Table 2. Micropore, mesopore and total pore volume for 1.

SBET (m2/g)	Micropore Volume a (cm3/g)	Mesopore Volume b (cm3/g)	Total Pore Volume (cm3/g)
906	0.347	0.021	0.384

^a Determined using the t-plot method. ^b Determined using the BJH method.

, while the pore size distribution of 1, determined by the BJH method, is presented in Figure S2.

The powder X-ray diffractogram registered after the sorption measurement displayed little differences when compared to the one registered for the activated material. Therefore, we decided to submit the same sample to a total of five adsorption/desorption cycles, in order to assess the frameworks’ robustness. As can be seen in Figure 9, 1 displays good sorption properties even after 5 cycles, despite the BET value going down from 906 m²/g (cycle 1) to 784 m²/g (cycle 5).
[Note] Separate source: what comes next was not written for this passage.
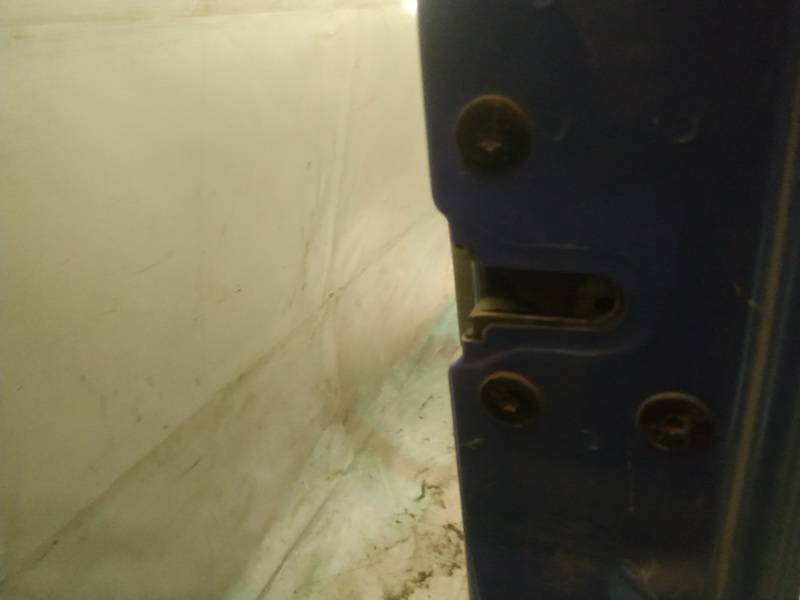 Renault Master 2002 Door Lock Mechanism - FRONT RIGHT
The powder X-ray diffractograms registered after each N₂ adsorption/desorption cycle, alongside the diffractogram corresponding to framework 1 after activation under heat and vacuum, are presented in Figure 10. We have found that even after five cycles, no major structural modification of the network was observed.
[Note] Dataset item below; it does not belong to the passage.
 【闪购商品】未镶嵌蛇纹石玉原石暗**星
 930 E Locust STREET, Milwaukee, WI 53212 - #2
In the next step, the CO₂ adsorption properties of framework 1 were investigated. The analysis was performed at 0 °C and the isotherm thus obtained is depicted in Figure 11. It was found that 1 displays a CO₂ adsorption capacity of 2.9 mmol/g at 0 °C. Moreover, PXRD analysis performed after CO₂ adsorption/desorption indicated that the network suffers no significant structural modifications (Figure S6).

4. Conclusions

To conclude, mesitylene tribenzoic acid was successfully employed as a linker in the solvothermal synthesis of a Zn-containing and two Cd-containing Metal-Organic Frameworks. One of the latter structures proved to be unstable during isolation, as evidenced by PXRD analysis. Out of the remaining frameworks, the Zn-based one was found to display permanent porosity and good N₂ sorption properties, with a BET value of 906 m²/g. Moreover, by subjecting it to five consecutive adsorption/desorption cycles, the framework retained its porous nature, displaying a BET value of 784 m²/g after the fifth cycle. When CO₂ was used as an adsorbate, the same framework was found to have an uptake of 2.9 mmol/g at 0 °C.